Bij recidive komt ook het strafrecht in beeld. Bestuurders kunnen namelijk ook strafrechtelijk vervolgd worden als er binnen vijf jaar na oplegging van de bestuurlijke boete opnieuw een overtreding heeft plaatsgevonden. Om te voorkomen dat (nieuwe) bestuurders in zo’n geval worden vervolgd voor fouten van hun voorgangers geldt wel dat zij ten tijde van de eerdere overtreding ook al bestuurder moeten zijn geweest. De maximaal aan de bestuurder op te leggen straf is een gevangenisstraf van ten hoogste twee jaren, taakstraf of geldboete van de vierde categorie (€21.750). Onduidelijk is of de onderneming zelf ook strafrechtelijk vervolgd kan worden. De tekst van de WZK sluit dit niet uit en ook de parlementaire stukken suggereren deze mogelijkheid. Anderzijds zijn daarin ook aanwijzingen te vinden dat het de wetgever louter om de bestuurders gaat.

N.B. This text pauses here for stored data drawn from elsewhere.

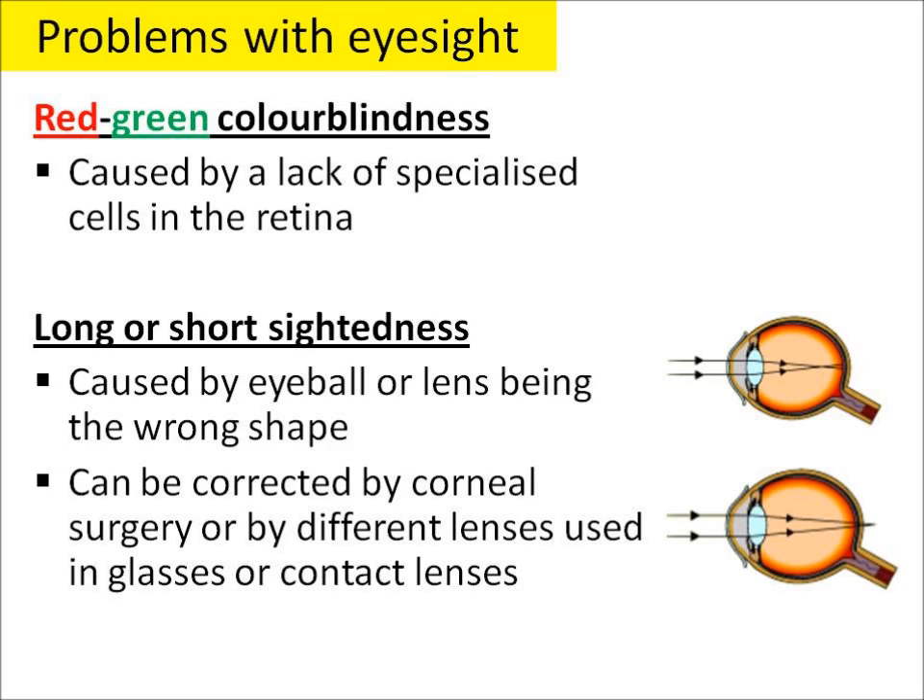You also need to know some problems associated with eyesight. Red-green colour blindness occurs only in men and means that they can't tell the colours red and green apart. This is caused by a lack of specialised cells in their retinas.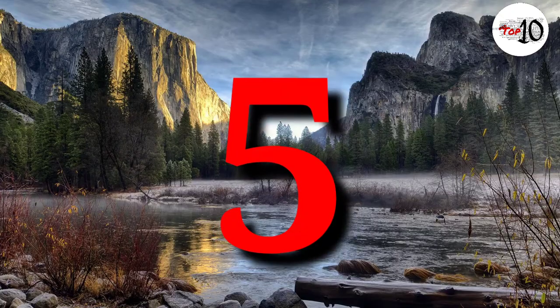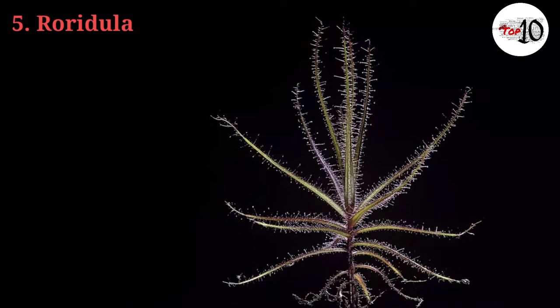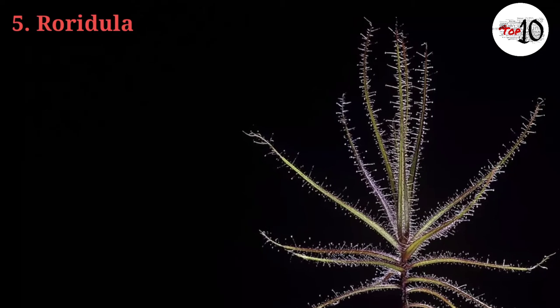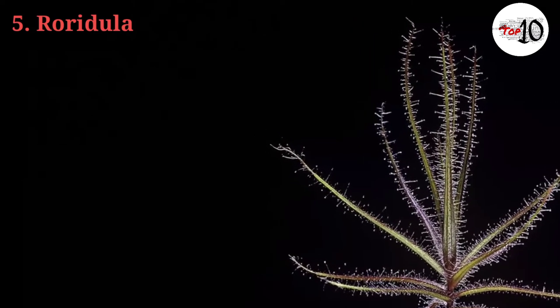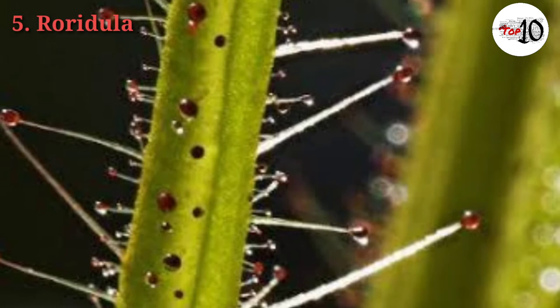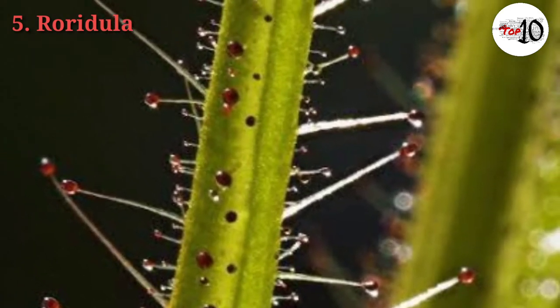Number 5: Roridula. This species is carnivorous by proxy. Its leaves are extremely sticky and resinous, and flies are instantly captured when they touch the plant. However, the plant doesn't produce enzymes to digest the insect. Instead, it has a symbiotic relationship with assassin bugs that inhabit the plant and eat the captured insects. The plant then obtains its nutrients from the assassin bugs' droppings.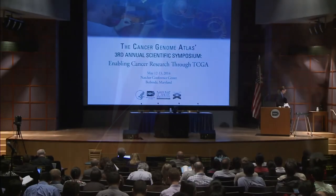Next, we'll hear from Rayhan Akbani from MD Anderson on the pan-cancer proteomics landscape of the Cancer Genome Atlas projects.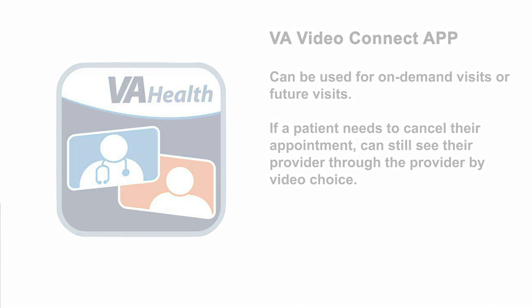For example, a patient sends a secure message to their team about a concern with a wound. The provider can request if the patient would like to be seen on a video call instead of coming into the clinic to look at the wound. Another example is if a patient needed to cancel their appointment — they can still see their provider by video. Once it is time to check out, patients can make their next appointment using the tools of their choice.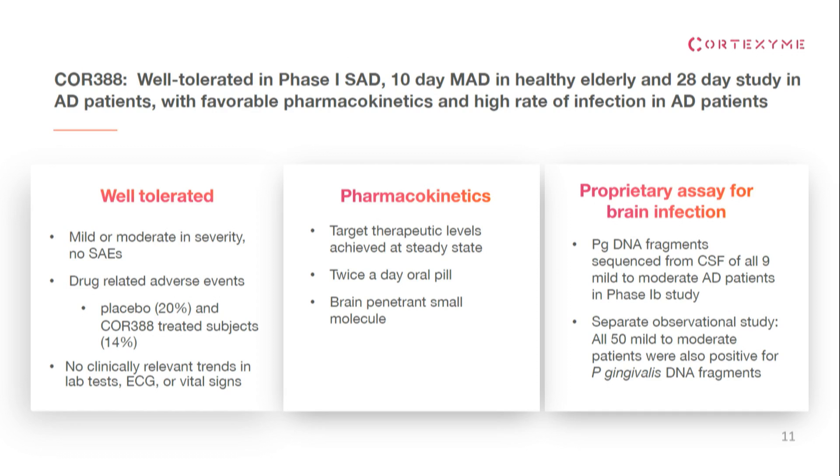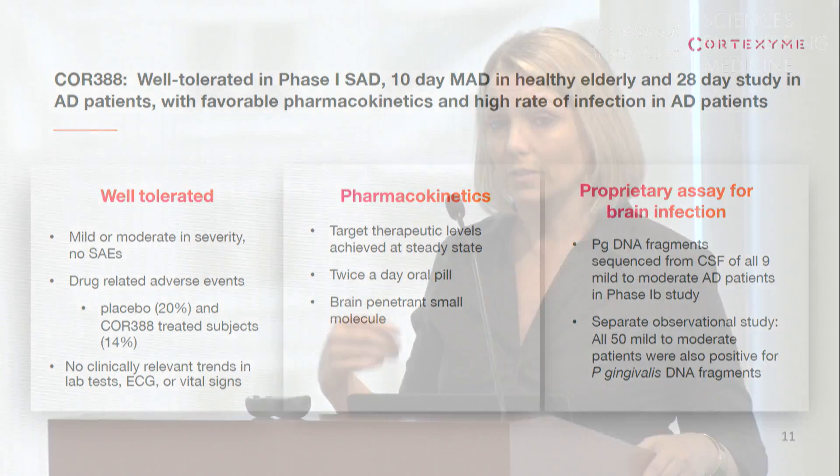We've done a couple of clinical studies. We can now sequence the DNA fragments from the bacteria from the cerebrospinal fluid of patients. Nine out of nine Alzheimer's patients in our Phase 1B clinical study were positive for this bacterial DNA in their cerebrospinal fluid, and 50 out of 50 in a separate observational study. This reemphasizes the immunohistochemistry data — this infection is very prevalent in the well-diagnosed Alzheimer's population.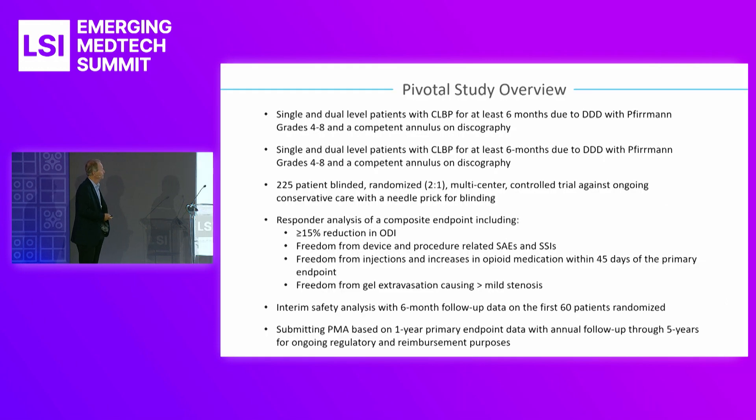We recently got our pivotal trial approved. It targets single or dual-level patients with chronic low back pain for six months due to degenerative disc disease, in Fuhrman grades four to eight, with 225 patients, blinded, randomizing two to one — every two patients will get Hydrophil, one patient won't. The blinded group receives a needle prick and conservative care. The responder analysis uses a composite endpoint including a 15% reduction in ODI — which is standard with the FDA — freedom from device and procedure-related SAEs and SSIs. We don't want the control group to have a lot of injections or increased opioid medications, no injections within 45 days of the final endpoint, and freedom from gel extravasation causing mild stenosis.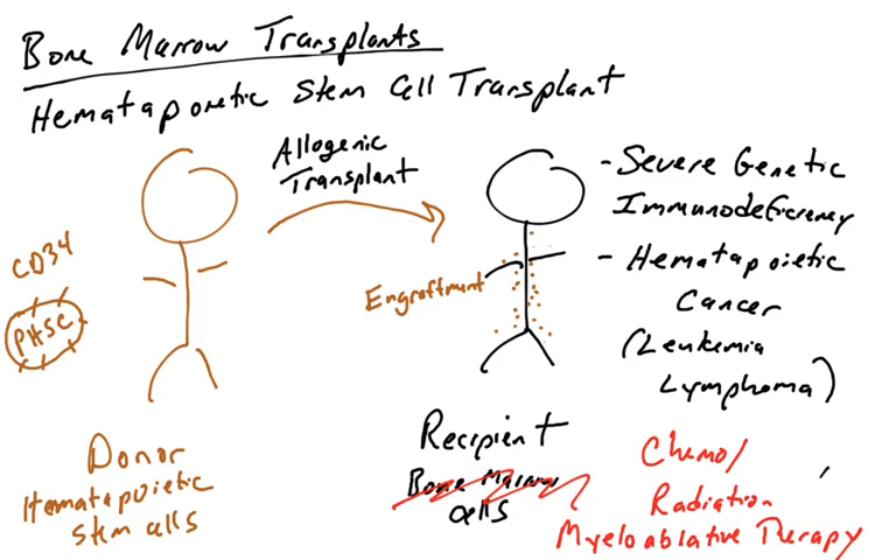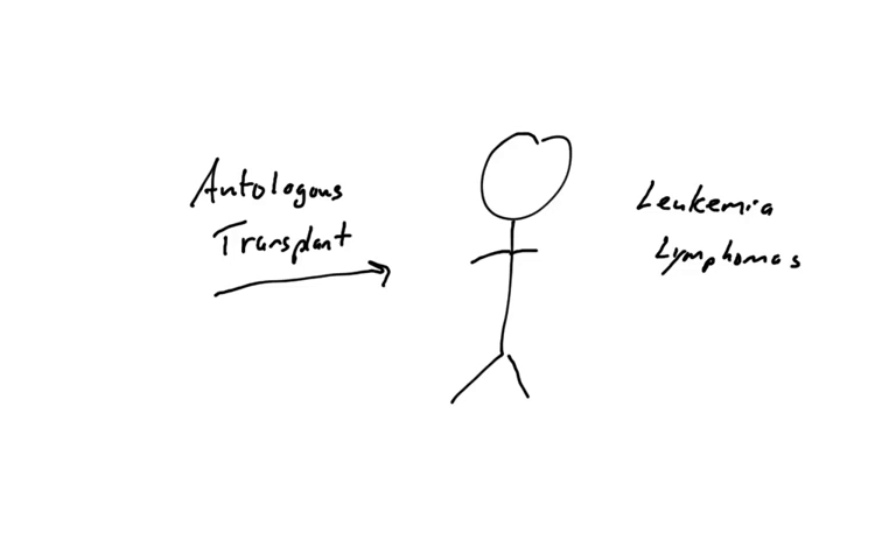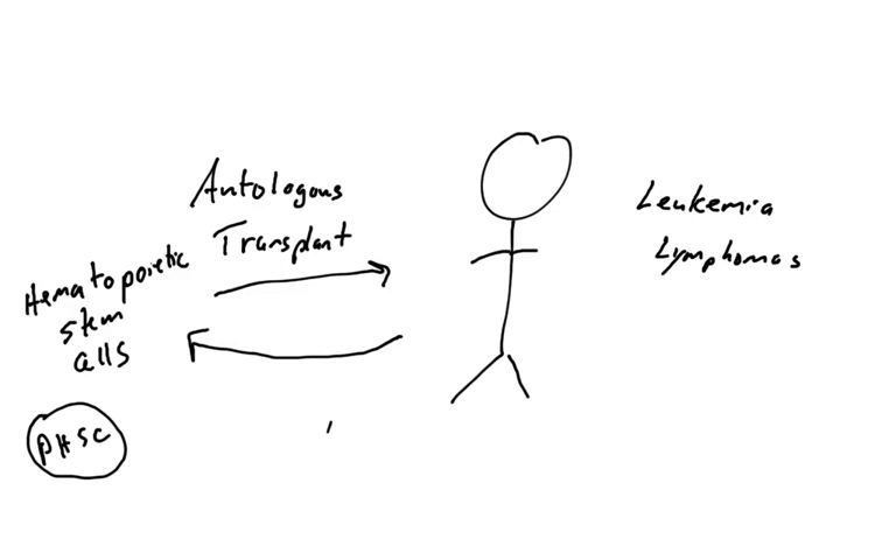This kind of transplant is known as an allogeneic transplant, because the recipient is receiving cells from another person. In certain types of blood disorders — leukemias and lymphomas — it's actually advantageous and possible to get an autologous bone marrow transplant, or an autologous hematopoietic stem cell transplant. The advantage here is that these cells come from the recipient themselves, so you can donate hematopoietic stem cells to yourself.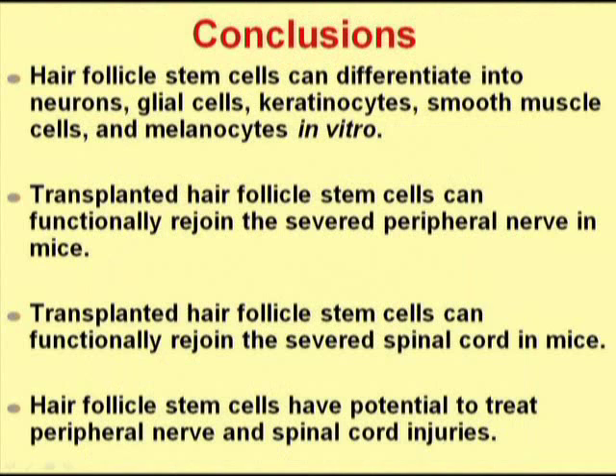In conclusion, hair follicle stem cells can differentiate into many types of cells, both found in the hair follicle and not found in the hair follicle. Importantly, these types of cells include neurons and glial cells, which can be very useful for regenerative medicine. We have found that transplanted hair follicle stem cells can functionally rejoin the severed peripheral nerve in mice, and can also functionally rejoin the severed spinal cord in mice. These data suggest that hair follicle stem cells have potential to treat peripheral nerve and spinal cord injuries. In the future, we will see if hair follicle stem cells can treat degenerative processes in the brain, such as Parkinson's disease and Alzheimer's disease.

Inwerkingtreding: onduidelijk, vermoedelijk in 2022
Er is onduidelijkheid over wanneer de WZK in werking zal treden. In de wet zelf staat dat deze niet “voor 1 januari 2020” in werking zal treden. Enige vertraging is dus al opgelopen. Minister Kaag geeft hiervoor als reden dat diverse elementen van de WZK nog moeten worden uitgewerkt in lagere regelgeving. Zo is bijv. ook nog onduidelijk wie de toezichthouder zal worden. De uitwerking van deze nadere regels zal pas aanvangen nadat de evaluatie van de IMVO-convenanten beschikbaar is (verwacht: juli 2020). De initiatiefneemster van het wetsvoorstel, Van Kuiken, verwacht dat de WZK pas in 2022 in werking zal treden. In hoeverre de wet zou kunnen bijdragen aan de internationale doelstelling om alle vormen van kinderarbeid voor 2025 uit de wereld te bannen, kan daarom in twijfel worden getrokken, maar elke stap is een stap in de goede richting.